WORK TO COMPLETE:
The material below includes pictures; leave them out and return only the lines between the line containing "Cetaphil Baby Mild Bar" and the line containing "2026 GMC Sierra 2500HD AT4X", inclusive, word for word.

STORED DATA:
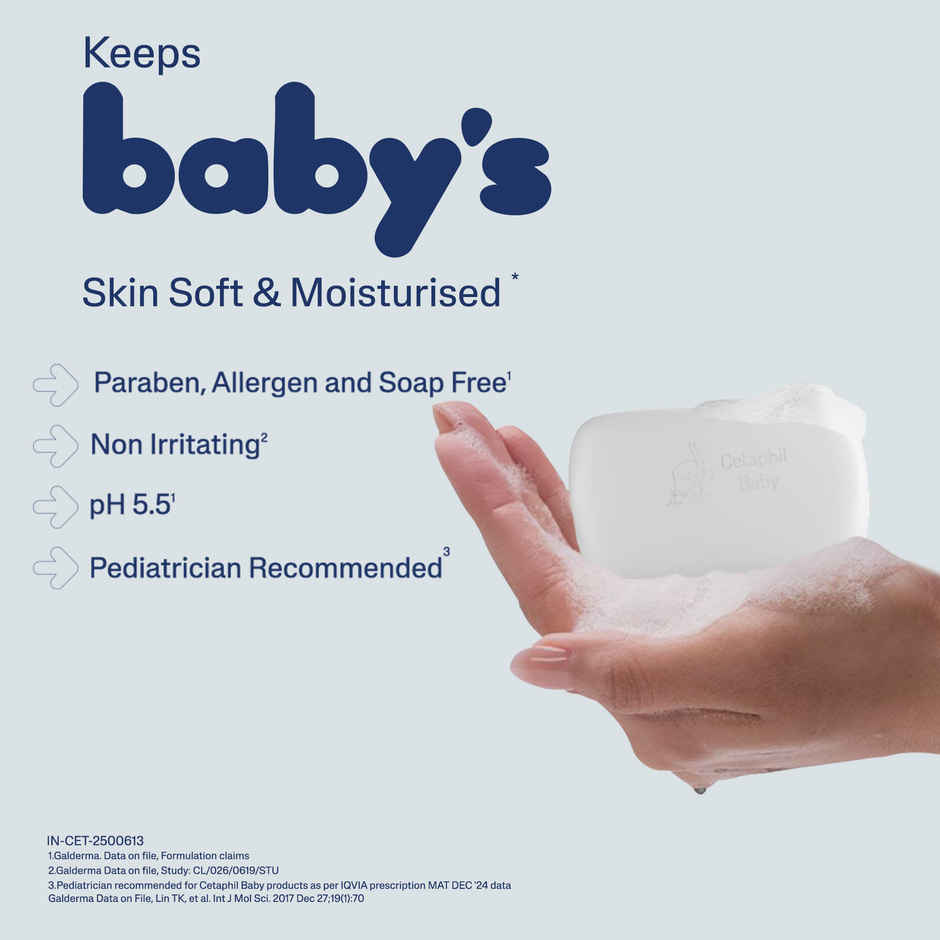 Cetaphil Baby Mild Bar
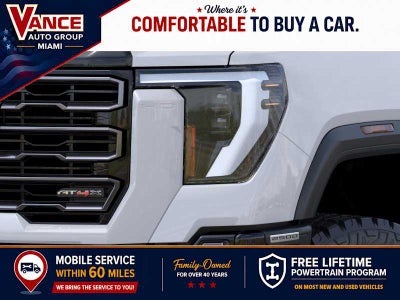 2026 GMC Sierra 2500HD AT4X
==
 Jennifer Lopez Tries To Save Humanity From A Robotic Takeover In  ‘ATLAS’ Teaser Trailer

SOLUTION:
 Cetaphil Baby Mild Bar
 2026 GMC Sierra 2500HD AT4X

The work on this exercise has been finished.